Et c’est exactement ce qu’il s’est passé. Twitter, devenu X, a été transformé pour servir un dessein politique, mais aussi culturel, voire civilisationnel, illibéral et conservateur.

Sous couvert de libérer toutes les paroles, et de redonner aux utilisateurs le pouvoir de contrôler la qualité du contenu partagé à travers les signalements et les « notes communautaires » (« community notes »), il s’est surtout agi de mettre l’algorithme au service de la diffusion de contenus volontairement clivants et choquants, car les plus susceptibles de générer de l’engagement. Le vrai problème est donc désormais le risque que, dans un contexte de défiance envers les élites et les médias traditionnels, les faits soient ramenés au même niveau que les opinions. Pire, avec le concours des algorithmes, dont l’opacité est toute sauf fantasmée, les opinions majoritaires peuvent s’établir en faits. Avec tous les risques de manipulation et ingérence que l’on peut redouter de la part d’entreprises qui ne font pas grand cas de la démocratie.

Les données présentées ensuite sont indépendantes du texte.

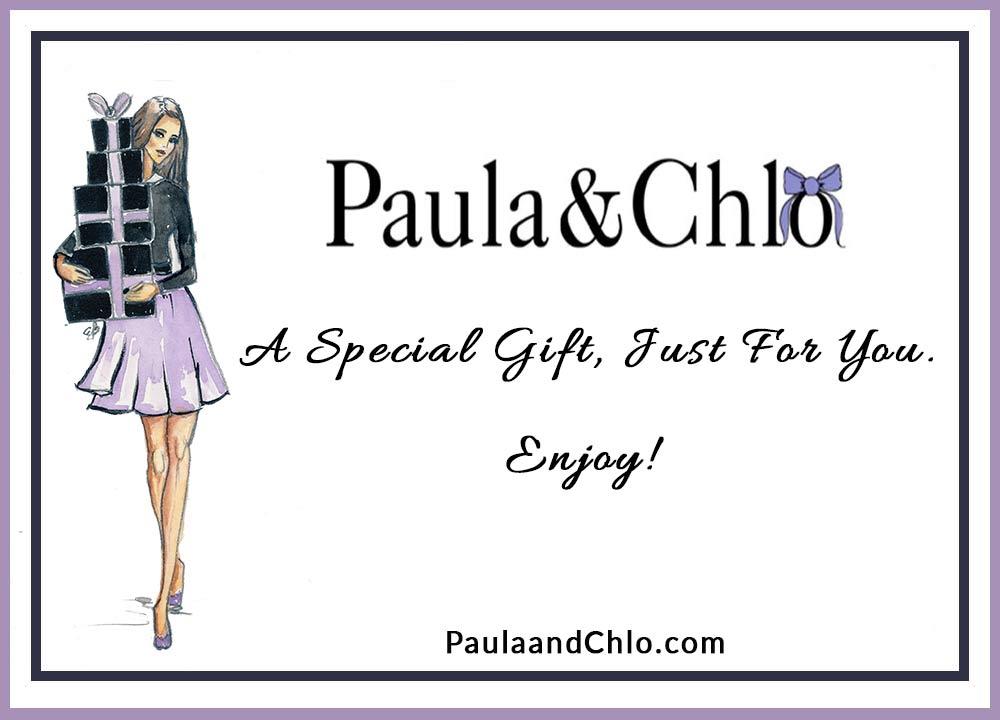Paula & Chlo Gift Certificate image of a woman holding wrapped gifts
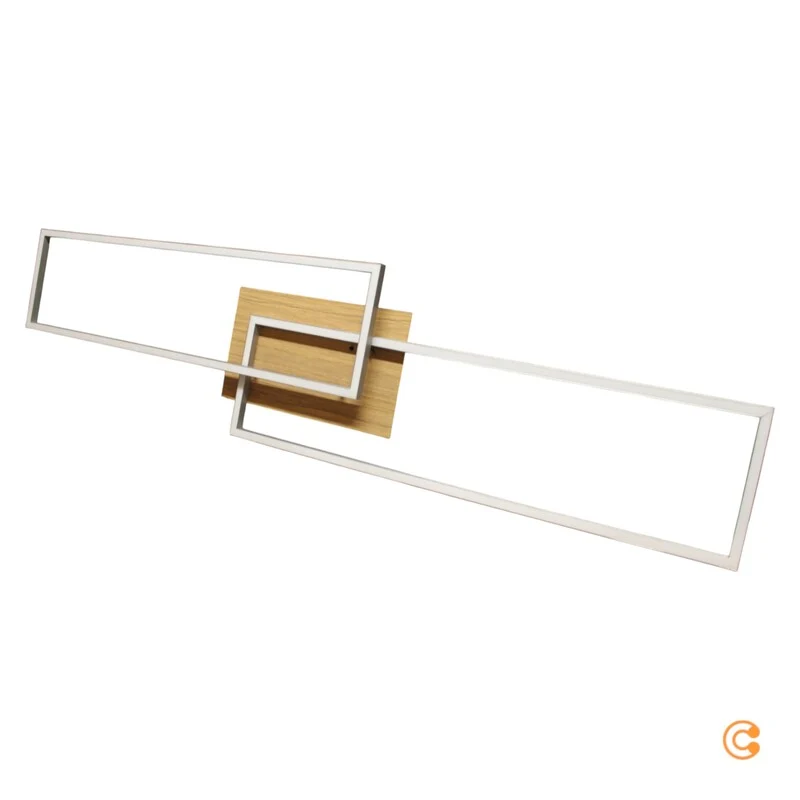 B-Ware JUST LIGHT Deckenleuchte Lampe LED dimmbar Stahl Holz Fernbedienung Iven 110 cm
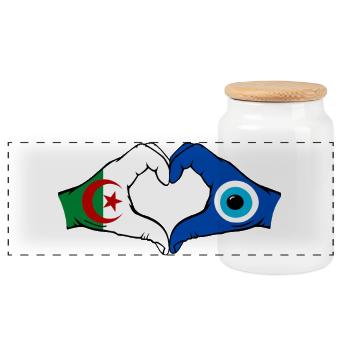 Algérie Nazar Drapeau Mains Forme de cœur - Boîte à biscuits avec couvercle en bois - blanc - Devant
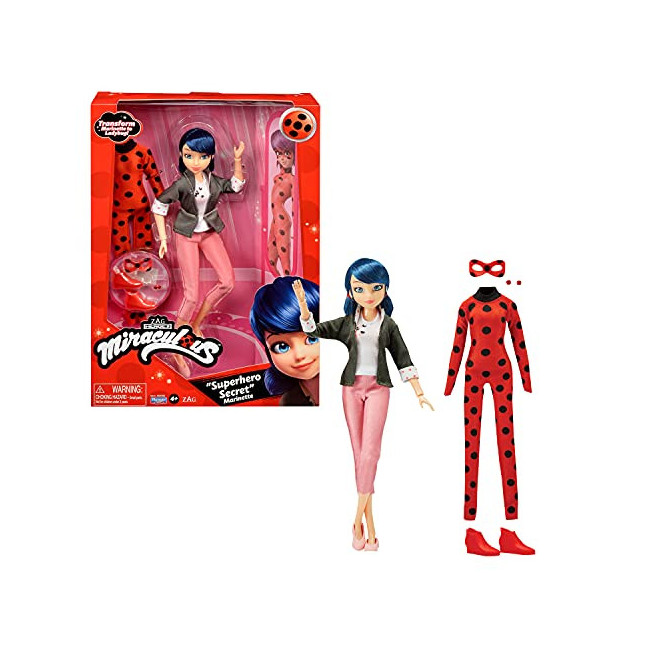 Bandai - Miraculous - Poupée et ses deux tenues - Ladybug et Marinette - Poupée mannequin articulée 26 cm et ses deux tenues...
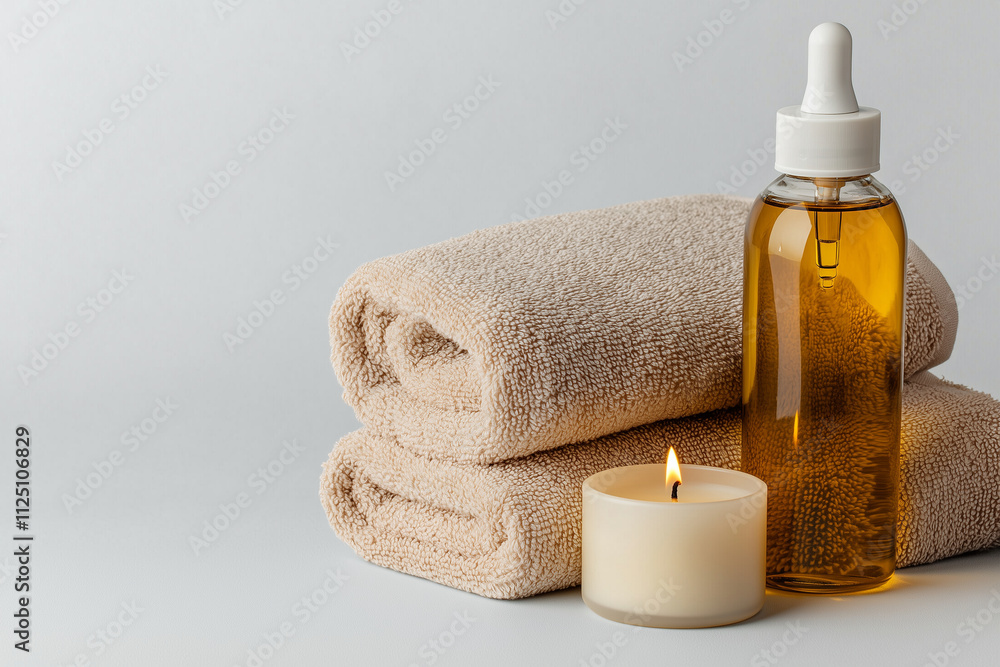 Soft towels, glowing candle, and essential oil create serene atmosphere for self care and relaxation. Perfect for spa like experience at home Soft towels, glowing candle, and essential oil create serene atmosphere for self care and relaxation. Perfect for spa like experience at home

Il devient donc de plus en plus difficile, dans un contexte de coexistence de centaines de vérités alternatives, de faire vivre ensemble une communauté nationale et un projet démocratique…

J.P. : On voit d’ailleurs à quel point, depuis l’élection de Donald Trump, les choses sont en train de se mettre en place du côté de la Tech nord-américaine. D’un côté, Musk poursuit ses provocations et ingérences tous azimuts pour déstabiliser, notamment en Europe, les gouvernements trop progressistes à ses yeux. Quant à Mark Zuckerberg, le patron de Meta (Facebook, Threads, Instagram, WhatsApp), il vient de diffuser une vidéo dans laquelle il affirme saisir l’opportunité de l’élection de Trump pour stopper le (coûteux) programme de fact-checking et lutter contre la censure, au bénéfice de ses utilisateurs… mais aussi de la nouvelle administration. Il en profite d’ailleurs pour tacler violemment l’UE en déclarant par exemple :

« L’Europe dispose d’un nombre croissant de lois, institutionnalisant la censure et rendant difficile la construction de projets innovants. »

On peut conclure par conséquent que l’élection de Donald Trump constitue un point de bascule majeur…

J.P. : Effectivement, car il n’hésitera pas à user de tous ses leviers, économiques, diplomatiques et militaires, pour mettre la pression aux pays tiers, alliés ou non, et protéger les intérêts des entreprises nord-américaines, à plus forte raison qu’elles servent à asseoir sa gouvernance et son idéologie. De ce fait, au-delà des seules considérations juridiques, il sera peut-être difficile de trouver suffisamment d’appui à la Commission européenne pour affronter Donald Trump et ses alliés numériques frontalement sur le terrain de l’antitrust et de la régulation.

Ce serait un aveu de faiblesse, mais surtout une formidable erreur. Car, chaque seconde perdue dans ce combat, renforce le capitalisme de surveillance, faisant la part belle aux influenceurs en tout genre, et à la prédation de ressources, notamment énergétiques et métalliques, pour alimenter leurs si gourmands serveurs et intelligences artificielles.